**Activity**
Give the listing again, word for word, and let no picture into it.

**The data**
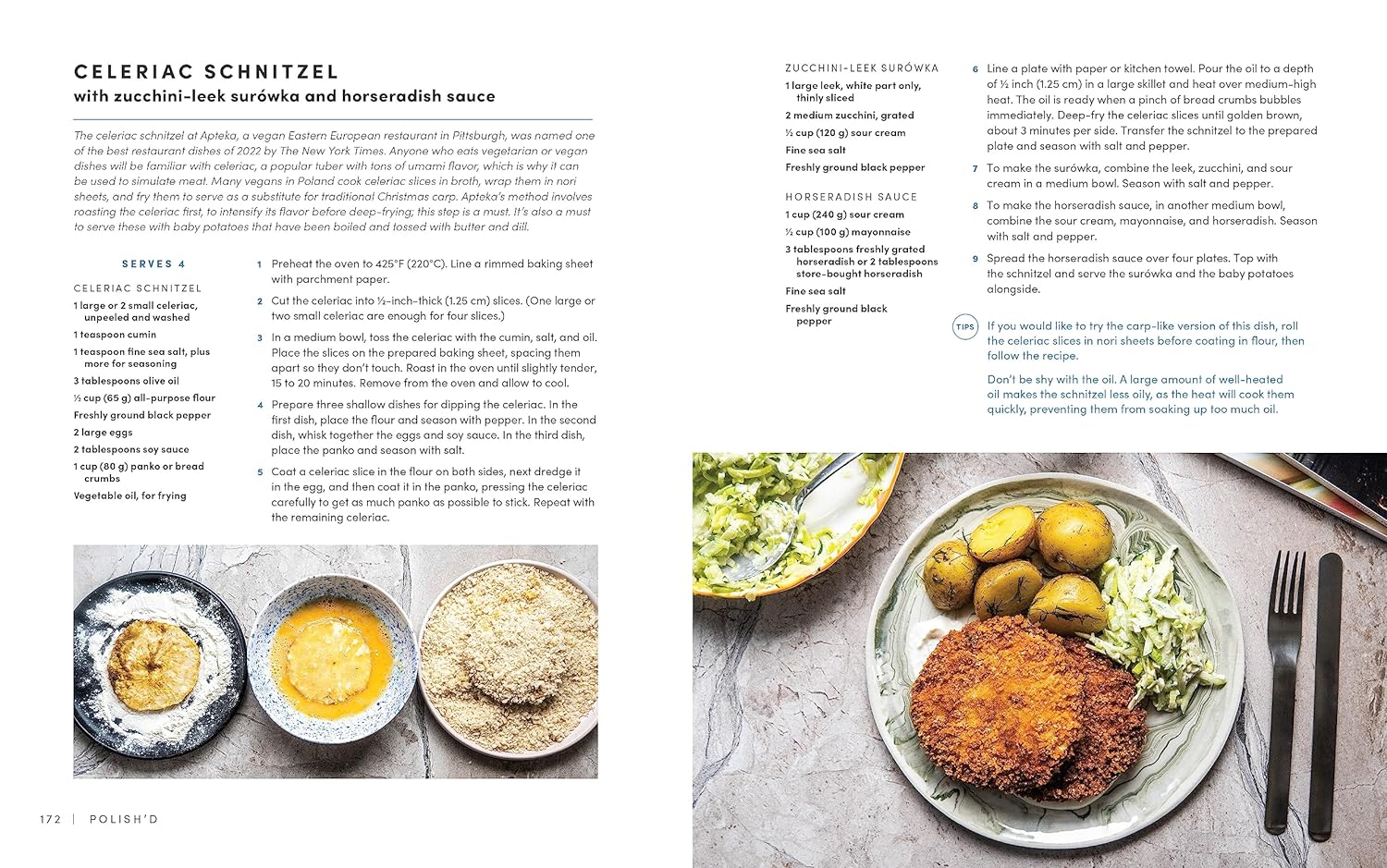 Polish’d : Modern Vegetarian Cooking from Global Poland (Michal Korkosz)
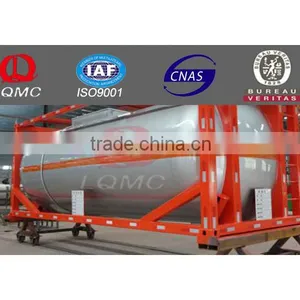High Quality Skid Mounted Diesel Container Frame Tank Station thumbnail-1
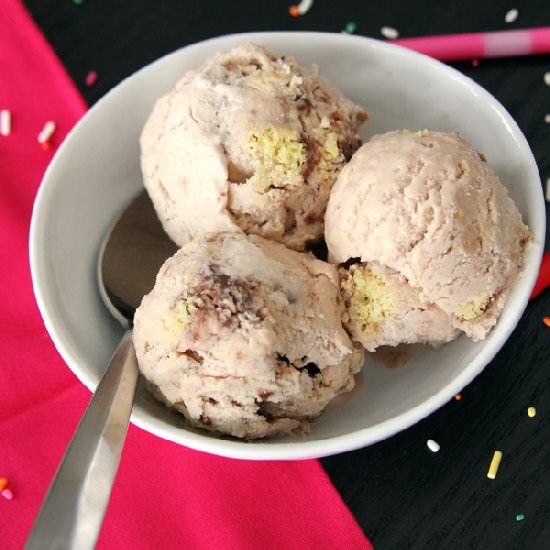 Birthday Cake Ice Cream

**Response**
 Polish’d : Modern Vegetarian Cooking from Global Poland (Michal Korkosz)
High Quality Skid Mounted Diesel Container Frame Tank Station thumbnail-1
 Birthday Cake Ice Cream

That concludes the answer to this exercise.